好人的標準是非常清晰的,很多地方都有明示:課堂上、文件里、通告里、文明公約中,甚至悼詞里。可“壞”,意味著要別出心裁,會獨樹一幟,不循規蹈矩,還要“給你好看”,這就難了,平庸男人是抵達不了這個境界的。
一般而言,“壞”的分寸、程度應該因人而異,比如老師的“壞”,可以是點名的時候,發現其中一個名字不會讀,就故意把他漏掉,最后再煞有介事地問:“還有誰沒有點到請站起來,哦,你叫什么名字?”這樣就可以知道他的名字怎么拼讀了。而學生的“壞”幅度可以更大些,也可以更無聊一些:快考試了,你拉著女友上晚自習,發現教室人特多,已經沒有座位了,就想了一個歪招,大步走上講臺,拿起粉筆寫了兩個大字:有課。
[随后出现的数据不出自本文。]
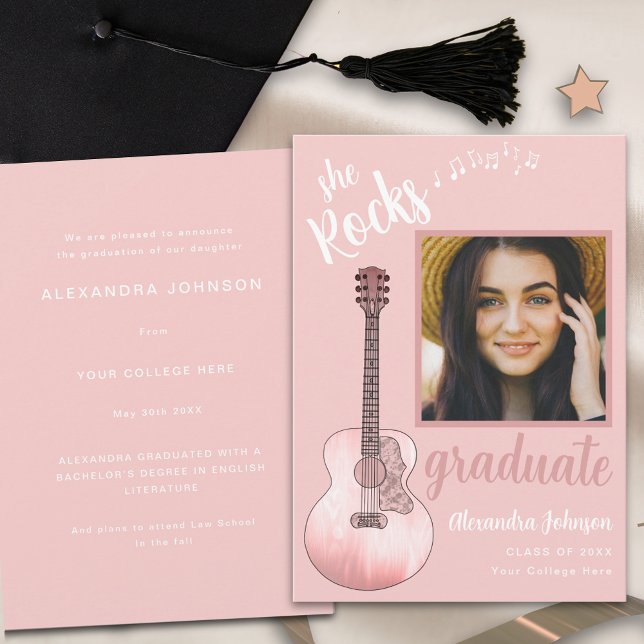 Modern Script Student Photo Rosa Guitar Inbjudningar (Fun pink country music graduate photo stylish script graduation announcement card)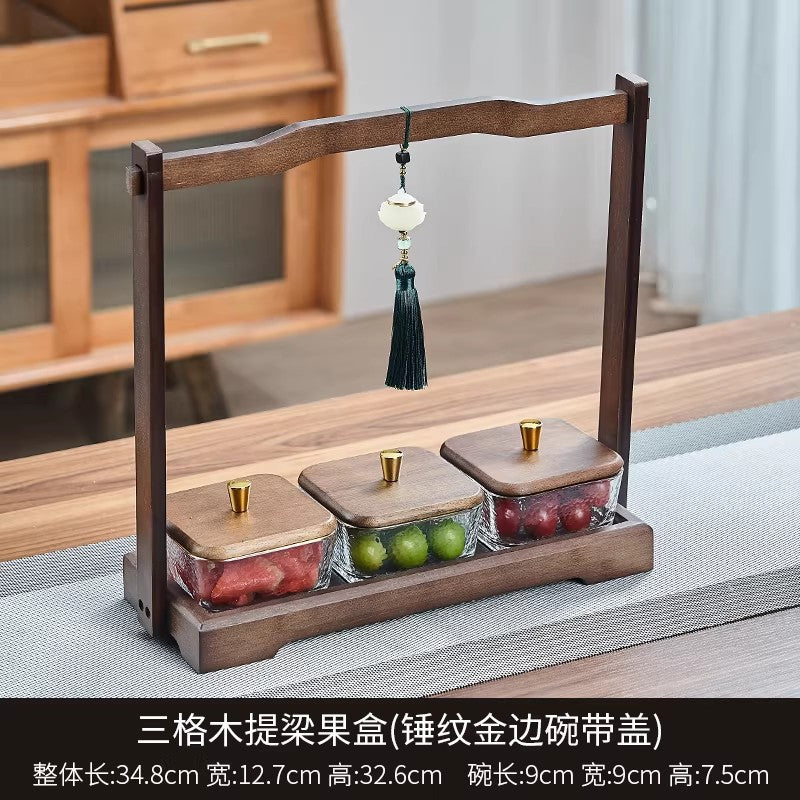 Chinoiserie walnut color dried fruit plate for home divided grids four-square grid lifting beam wedding new home glass bowl fruit plate fruit plate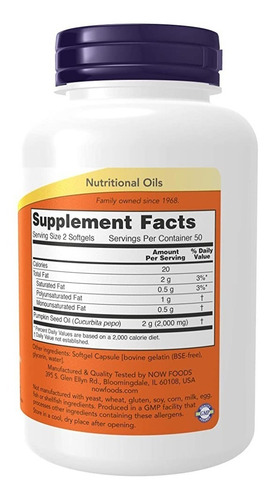 Imagem 2 de 3 de Oléo De Semente De Abóbora 1000mg Importado - 100 Softgels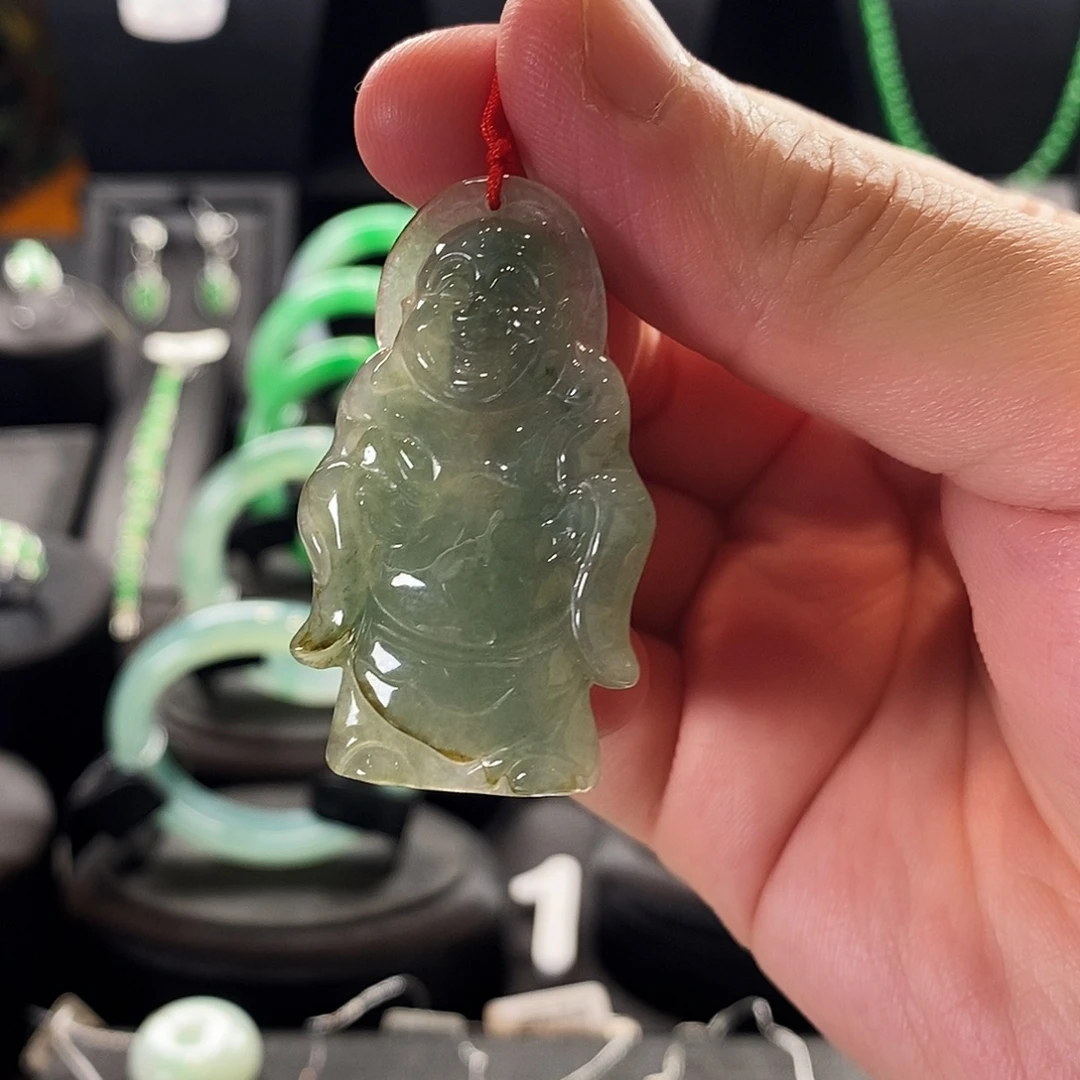 翡翠未镶嵌颈饰翡翠佛公吊坠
只見教室里一片忙亂,正上自習的人嘟囔著紛紛站起來收拾東西走出教室。你這時沖著女友壞壞一笑,這個晚上的快樂就是你們的了。是的,“壞”就是在自己身分允許的范圍內,再往外走一小步,就是“壞”了。
1、皮厚:也可以說是“大膽”,不怕出丑。有人號稱自己“帥得沒法擋”!李敖說,白話文寫得最好的前三名是:李敖李敖李敖!自吹自擂,也要生動。“壞”男人是不會謙虛的。當然更不怕被拒絕,臺灣李敖還擅長于追不認識的漂亮女性,他現在的太太小屯就在他開車路過學校門口看到后追上的。她有一條絕美的腿。李敖說:“她有一腿,我就有一手。”
2、有些頑皮的霸道:說一不二,犟,強硬,但是一定要再表現出些許的頑皮與賴皮,這樣才可愛,才有我們說的那種“壞”效果,否則就是真霸道,就不可愛。比如求婚的時候,問:“你想這輩子嫁給我還是下輩子呢?”有時,有些大男子主義的作風,也可以起到可愛的“壞”效果。
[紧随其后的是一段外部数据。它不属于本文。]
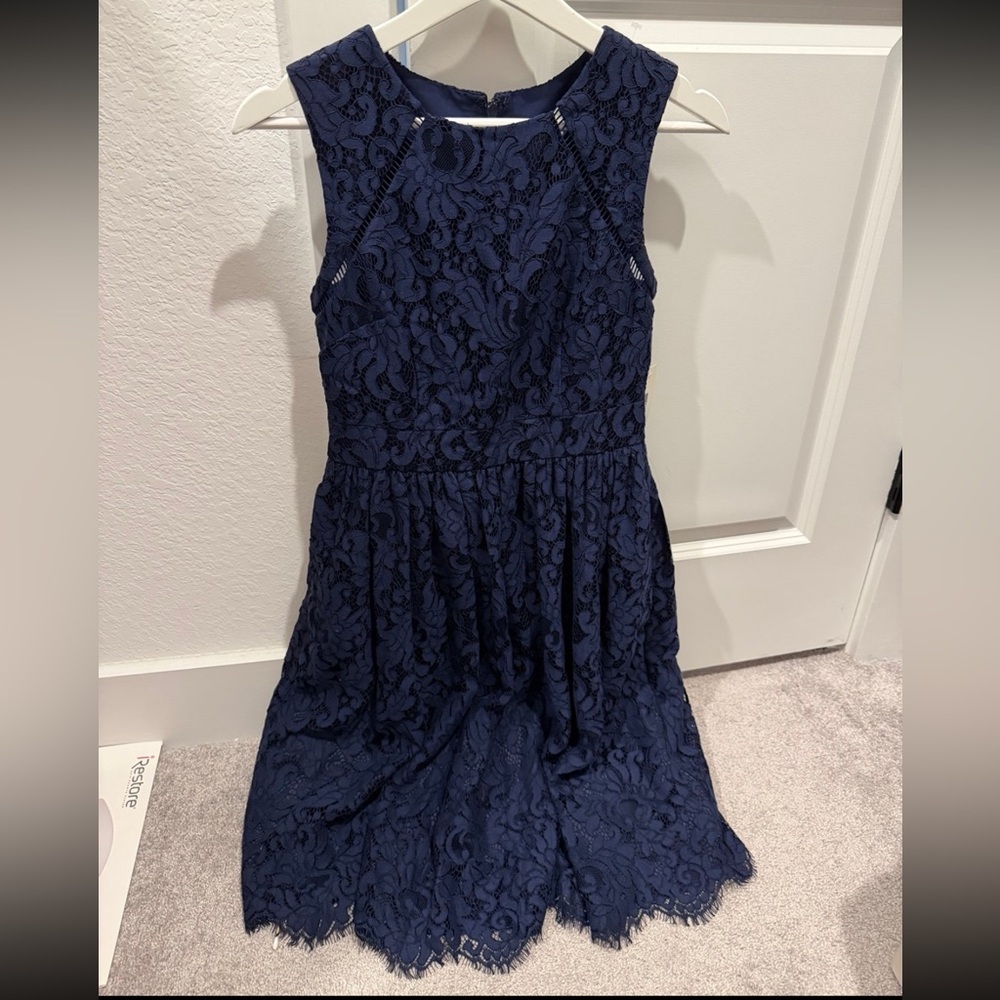 New With Tags Eliza J Navy Blue Lace Fit & Flare Dress Size 2 MSRP $178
3、惡作劇:學者錢鐘書趁楊絳伏在桌上睡午覺的時候,用毛筆在她臉上畫眼鏡,惹得楊絳醒后大生其氣,亦大開其心。這一招,很容易讓女孩脫口而出一句話:“你好壞啊!”男人做“壞小孩”的時候,沒心沒肺似的,“壞”中透著天真。男人的“壞”,就是要這樣,不是純粹的壞,很復雜,它一定還附帶某種魅力信息。
4、機智的幽默:一次,里根總統在白宮鋼琴演奏會上講話時,夫人南希不小心連人帶椅跌落在臺下的地毯上,觀眾發出驚叫,但是南希卻靈活地爬起來,在200多名賓客的熱烈掌聲中回到自己的座位上,正在講話的里根看到夫人并沒受傷,便插入一句俏皮話:“親愛的,我告訴過你,只有在我沒有獲得掌聲的時候,你才應這樣表演。”
5、無厘頭的玩笑:個性不羈,不按牌理出牌。主要是表現在言語上,不要老酸不溜秋的抒情,有人碰到一個心儀已久的女孩從澡堂里出來,想套近乎,抓著后腦勺憋出一句:“你洗澡啊,里面男的多不多啊?”豬八戒看到仙女在洗澡也有過類似問候:“你們在插秧?”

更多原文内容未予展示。